Папина сестра Эльза Германовна Нейфельд – яркая красивая женщина – вышла замуж за германского офицера в 1919 году, когда германские войска оккупировали Украину, в том же году уехала с супругом в Германию. Родила двоих сыновей Вальтера и Эгона. Умерла в Германии. Там же умерла и бабушка Эмилия. Старший сын тёти Эльзы Вальтер воевал на стороне фашистов в Великую Отечественную войну и погиб под Сталинградом, младший Эгон тоже воевал. Был тяжело ранен, умер в Германии в доме престарелых. Получал хорошую пенсию.
Бабушка уехала в Германию к Эльзе в 1927 году.
Папина сестра Мария Германовна Нейфельд окончила женскую гимназию и консерваторию. Хорошо играла на пианино. Вышла замуж за родного маминого брата Ивана Вильмса. Они уехали в Канаду в 1924 году во время эмиграции меннонитов, удивительно, им разрешили беспрепятственно уехать из СССР (папа мой не решился). Единственная дочь Марии Германовны умерла от рака в возрасте тридцати трёх лет. Тётя посмертно оставила мне и моим братьям, а также Эгону в Германии немного долларов, из коих я себе кое-что купила в московской «Березке» и раздала немного детям.

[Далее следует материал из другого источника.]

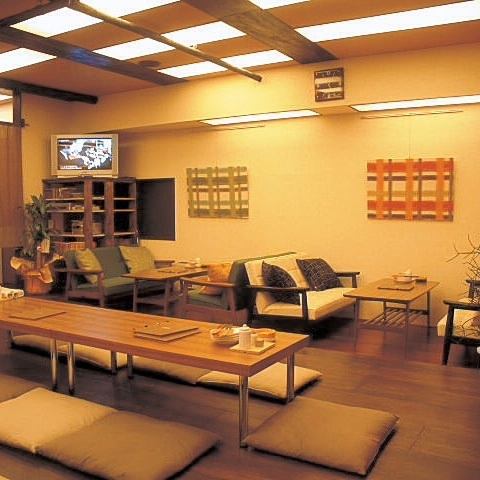 70名お座敷。大人数でのご利用は最大70名様までOK。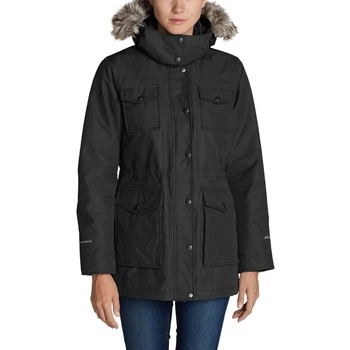Куртка Eddie Bauer Women Westbridge Parka BLACK S Черный (3775BK)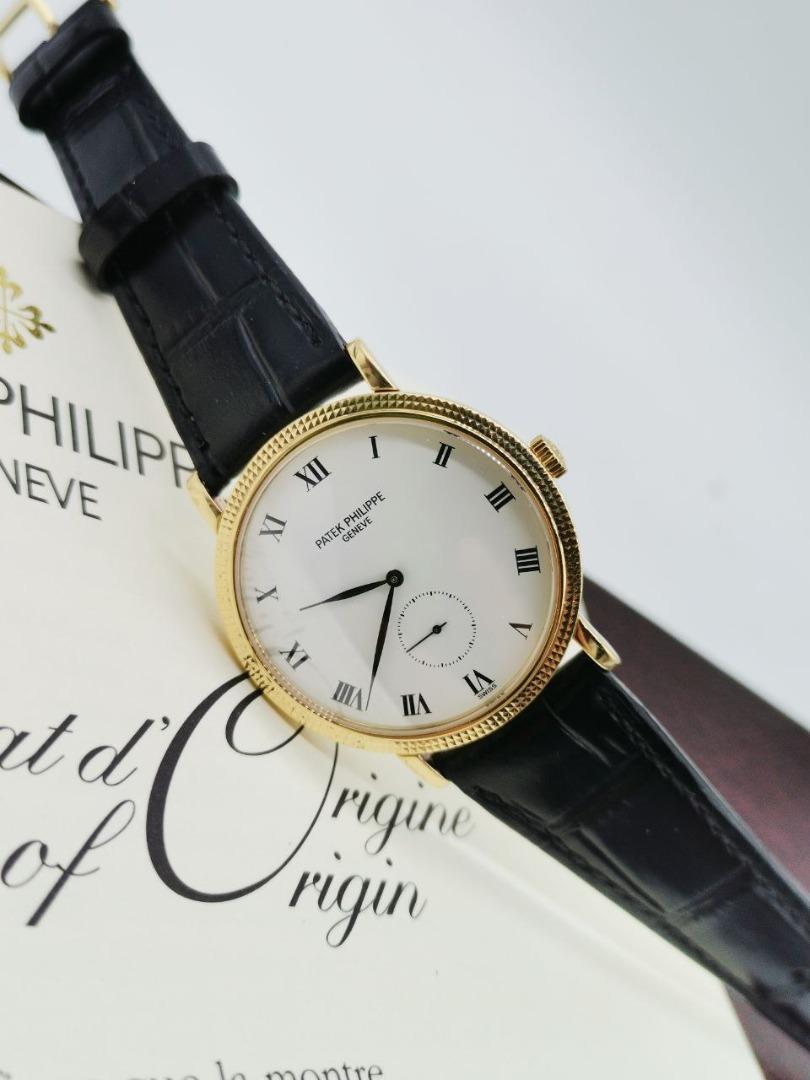 Patek philippe best sale calatrava 3919j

Мой папа был тихим, немногословным, возможно, на него повлияли тяжёлые переживания. Все годы, начиная с семнадцатого, когда в Молочанск нагрянули анархисты, и до самой своей смерти в сорок первом, жил со страхом в душе за судьбу семьи, семерых детей. Был начитан, хорошо владел немецким, русским и английским языками. Благодаря ему я стала бухгалтером, без этой профессии навряд ли выжила бы в лагере, бухгалтерство кормило меня всю жизнь.
Наш двор
Двор у нас был огромный. Большой дом, заводы (пивоваренный, лимонадный, уксусный), всевозможные хозяйственные постройки – всё находилось за одним забором. Дом стоял справа от широких ворот – двухэтажный, из белого кирпича. Его внешний вид не отличался помпезностью, снаружи выглядел обыденно, не сравнить с особняком того же Эрнста Нейфельда (нашего однофамильца) или Франца (владельца завода «Франц и Шредер») или Генриха Вильмса (родственника мамы). У них были дворцы.
На нижнем этаже нашего дома располагалась столовая. С большим столом, человек на тридцать. Из раннего детства вынесла – за обеденным столом часто по вечерам сидели гости. Запомнились акцизные чиновники – громкие, весёлые. Они приезжали в Молочанск в командировки и не торопились быстрей-быстрей завершить дела и отправиться восвояси. Обедали, ужинали у нас, любили вкусно покушать. Часто просили бабушку сделать шашлык. Получив заказ, бабушка поднималась к дедушке в контору и говорила: «Сизнак (так у неё звучало слово «акцизные») хотят шашлык». Она недолюбливала шумных гостей, но ничего не попишешь – нужные люди. Дедушка на подводе отправлял рабочего в ближайшее село купить барашка, обязательно молодого. Под шашлык акцизные употребляли красное вино в немалых количествах.